Est-ce vraiment suffisant pour sauver le soft rock de la disgrâce ? Peut-être pas. Mais il reste aussi de méchantes chansons et des albums qui ressemblent à des trésors oubliés. Au hasard, le sublime Isle Of View de Jimmy Spheeris, If You Saw Thro’ My Eyes de Ian Matthews, Song For You des Carpenters, Summer Breeze de Seals & Croft, No Secrets de Carly Simon… A l’heure où la majeure partie de la musique est fabriquée par des geeks enfermés dans leur chambre face à un laptop, qu’il est bon d’écouter plusieurs êtres humains, en robes bohèmes, chemises ouvertes, pantalons corduroy, jouer des congas, du piano, de la guitare et chanter d’une seule voix.
Et puis le soft rock, c’est aussi ce moment où les femmes s’emparent du devant de la scène : Stevie Nicks et Christine McVie de Fleetwood Mac, Carole King, Joni Mitchell, Sandy Denny, Carole Carpenter… Trop souvent cantonnées jusque-là dans des rôles de chanteuses, elles prennent les choses en main, écrivent leurs propres morceaux et s’imposent comme les égales des hommes. Résultat : les tubes pleuvent.
Les héritiers
On retrouve des échos lointains de ces chevelus élégiaques chez quelques-uns des plus passionnants musiciens de notre temps.
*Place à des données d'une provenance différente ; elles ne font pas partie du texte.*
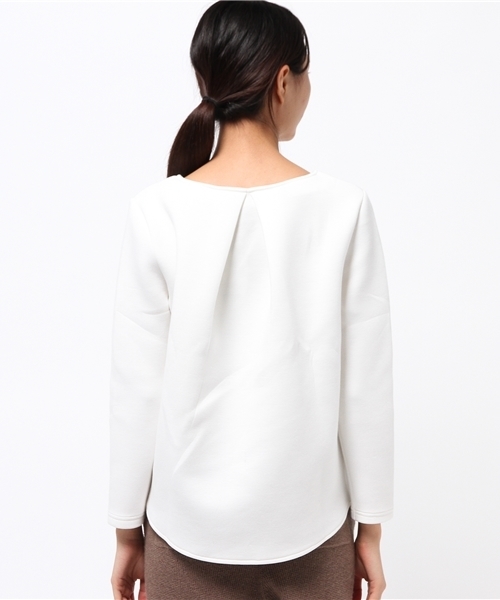 koe(コエ)の「バックタックコクーン長袖プルオーバー(Tシャツ/カットソー・レディース・オフホワイト/杢グレー/ネイビー・MEDIUM/LARGE/SMALL)」の6枚目の写真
Father John Misty poursuit ainsi la grande tradition des songwriters de Lauren Canyon. Le timbre grave de Weyes Blood (lire notre chronique de Titanic Rising) n’est pas sans rappeler celui d’une certaine Karen Carpenter. Les harmonies des Local Natives, notamment sur leur excellent dernier album Violet Street, font voyager directement en Californie circa 1972.
Verdict ?
Enregistré dans les meilleurs studios du monde par des ingénieurs maniaques, le soft rock est une réserve sans fin d’émerveillement auditif. Un bonbon fondant pour oreilles gourmandes. C’est aussi une fenêtre sur une époque bénie où les musiciens croyaient pouvoir changer le monde en apaisant les âmes à coup de (bonnes) chansons. Enfin, à l’heure où la capacité de concentration humaine est tombée à 8 secondes (soit une seconde de moins que le poisson rouge), le soft rock n’est-il pas le meilleur remède pour réapprendre à prendre son temps ? Pour cela, brancher son enceinte connectée, se coucher sur son canapé, dire « OK Kevin, joue la playlist Sourdoreille Soft Rock » et s’émerveiller à l’écoute de morceaux qui déclinent arpèges et mélodies stellaires pendant près de 4 minutes. Satisfaction garantie.